▶ **EXERCISE PROMPT**:
Copy out the entire listing below exactly, but without its pictures.

═══

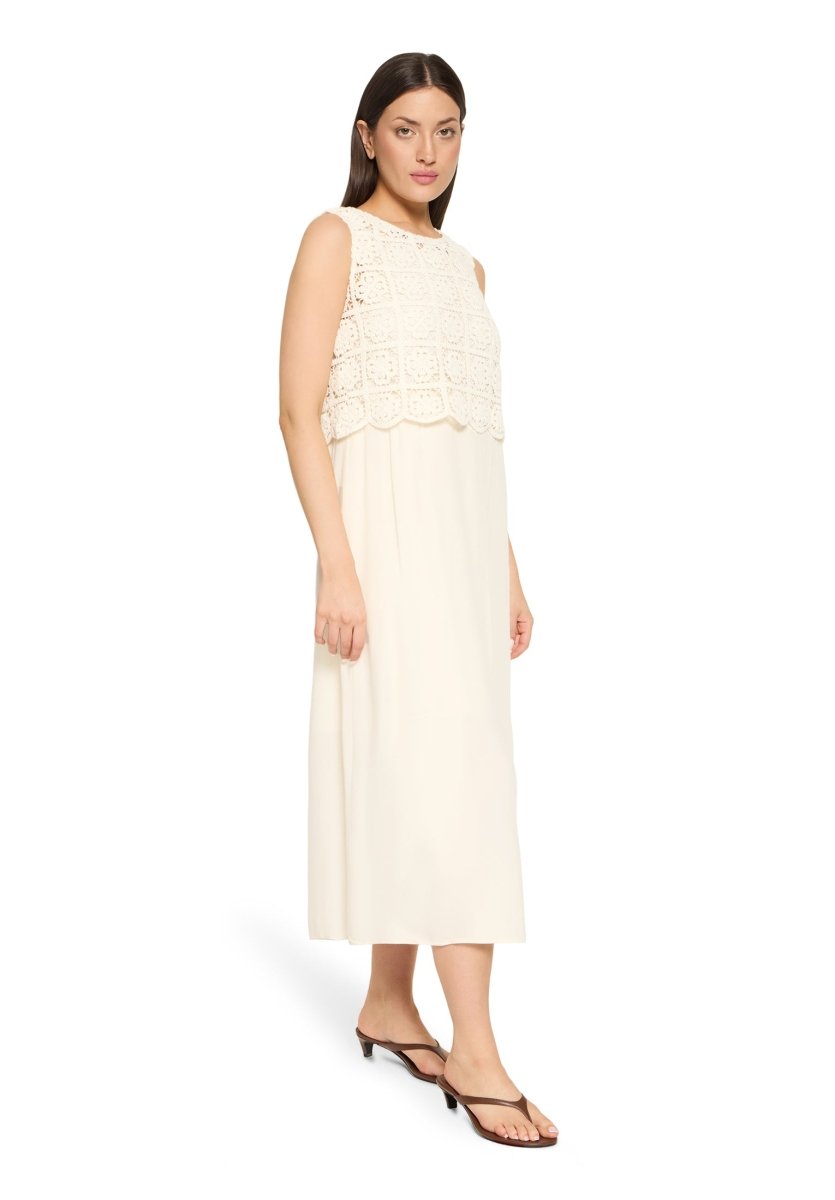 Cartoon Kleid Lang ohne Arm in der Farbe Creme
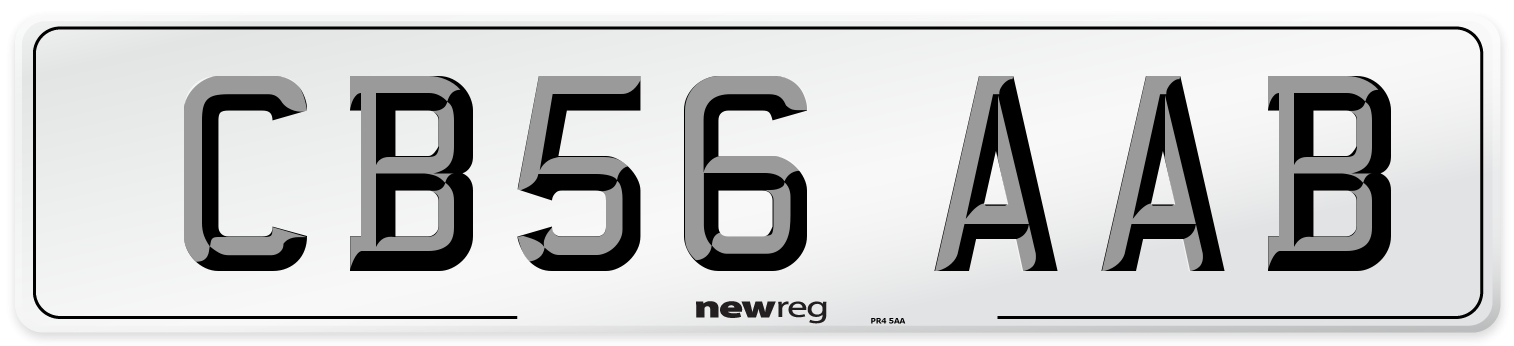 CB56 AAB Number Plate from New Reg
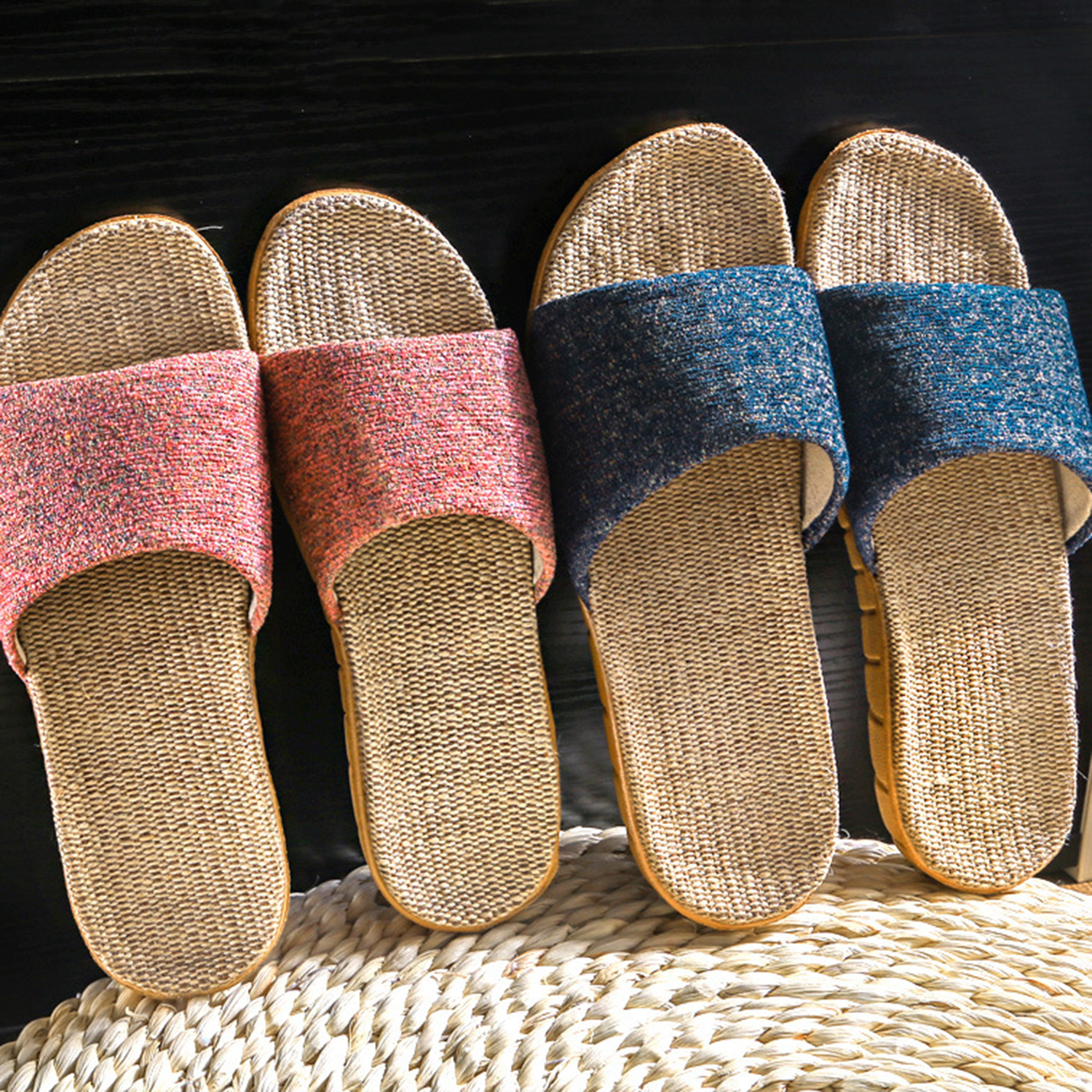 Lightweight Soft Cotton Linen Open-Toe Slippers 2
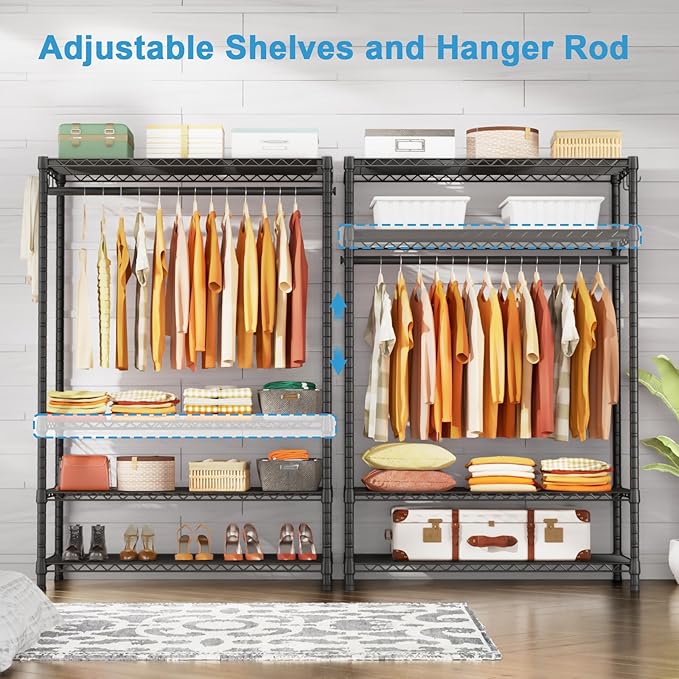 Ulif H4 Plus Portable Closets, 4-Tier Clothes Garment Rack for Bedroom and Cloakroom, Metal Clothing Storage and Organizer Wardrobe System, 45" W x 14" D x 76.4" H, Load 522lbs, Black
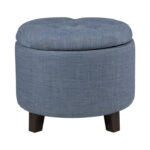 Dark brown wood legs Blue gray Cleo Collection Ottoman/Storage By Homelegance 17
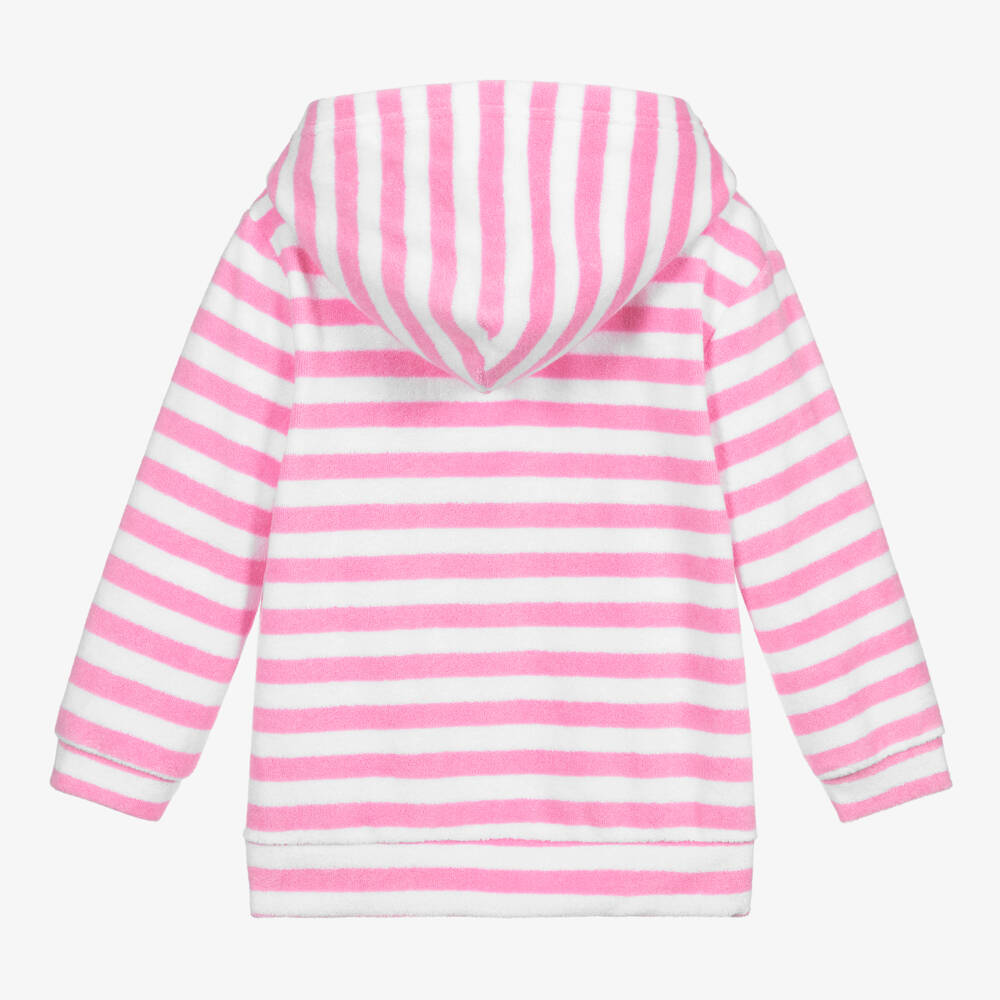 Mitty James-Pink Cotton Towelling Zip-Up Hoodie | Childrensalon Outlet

═══

▶ **RESPONSE TO THE EXERCISE**:
 Cartoon Kleid Lang ohne Arm in der Farbe Creme
 CB56 AAB Number Plate from New Reg
 Lightweight Soft Cotton Linen Open-Toe Slippers 2
 Ulif H4 Plus Portable Closets, 4-Tier Clothes Garment Rack for Bedroom and Cloakroom, Metal Clothing Storage and Organizer Wardrobe System, 45" W x 14" D x 76.4" H, Load 522lbs, Black
 Dark brown wood legs Blue gray Cleo Collection Ottoman/Storage By Homelegance 17
 Mitty James-Pink Cotton Towelling Zip-Up Hoodie | Childrensalon Outlet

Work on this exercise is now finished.